Froth, le shoegaze en héritage

08 Sep 2017

Pour mieux comprendre pourquoi Froth, le groupe montant du shoegaze californien, considère son troisième et dernier album, "Outside (Briefly)", comme son premier, ce qu’ils pensent du renouveau du mouvement shoegaze, ou encore l’album honteux qu’ils préfèrent, Fragil a rencontré deux des fondateurs, Joo Joo Ashworth (chant et guitare) et Jeremy Katz (basse).

Malheur à ceux qui auront tardé à prendre la route de Saint-Père, car c’est le groupe montant de shoegaze californien Froth qui ouvre les hostilités.
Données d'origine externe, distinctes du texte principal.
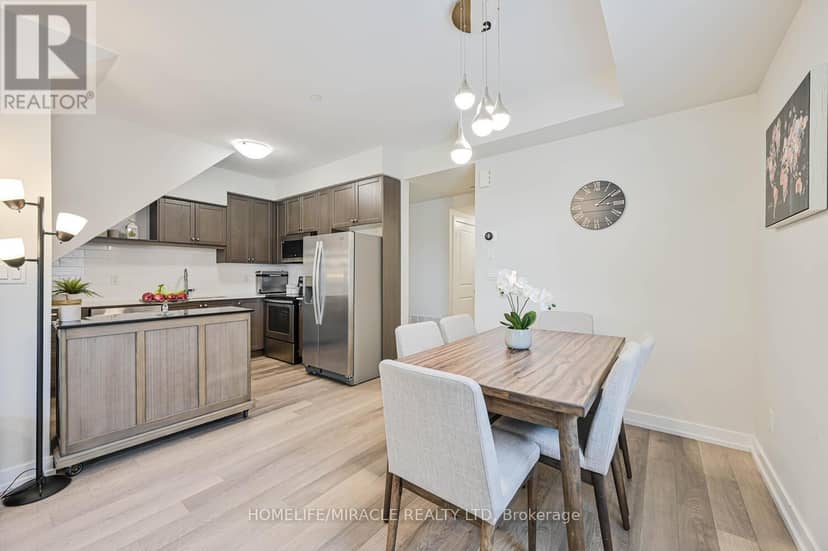 114 - 256 Royal York Road — photo 13 of 36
Pour se rattraper de ne pouvoir commenter que les deux derniers morceaux (à notre grand regret), Fragil a rencontré la moitié du groupe backstage afin de mieux cerner cette formation née d’une blague potache il y a quatre ans : ne sachant jouer d’aucun instrument, les jeunes Froth enregistrent un album-concept fait de…silence ! Aujourd’hui, après deux disques placés sous le signe du rock garage et psyché, ils prennent un virage shoegaze sur leur plus récent album, Outside (Briefly).

Fragil : J’ai lu que vous avez passé beaucoup de temps en studio pour enregistrer votre troisième album (environ 40 sessions), ce qui apparaît quasiment comme un luxe de nos jours : qu’est-ce que cela vous a permis d’accomplir par rapport aux précédents albums ?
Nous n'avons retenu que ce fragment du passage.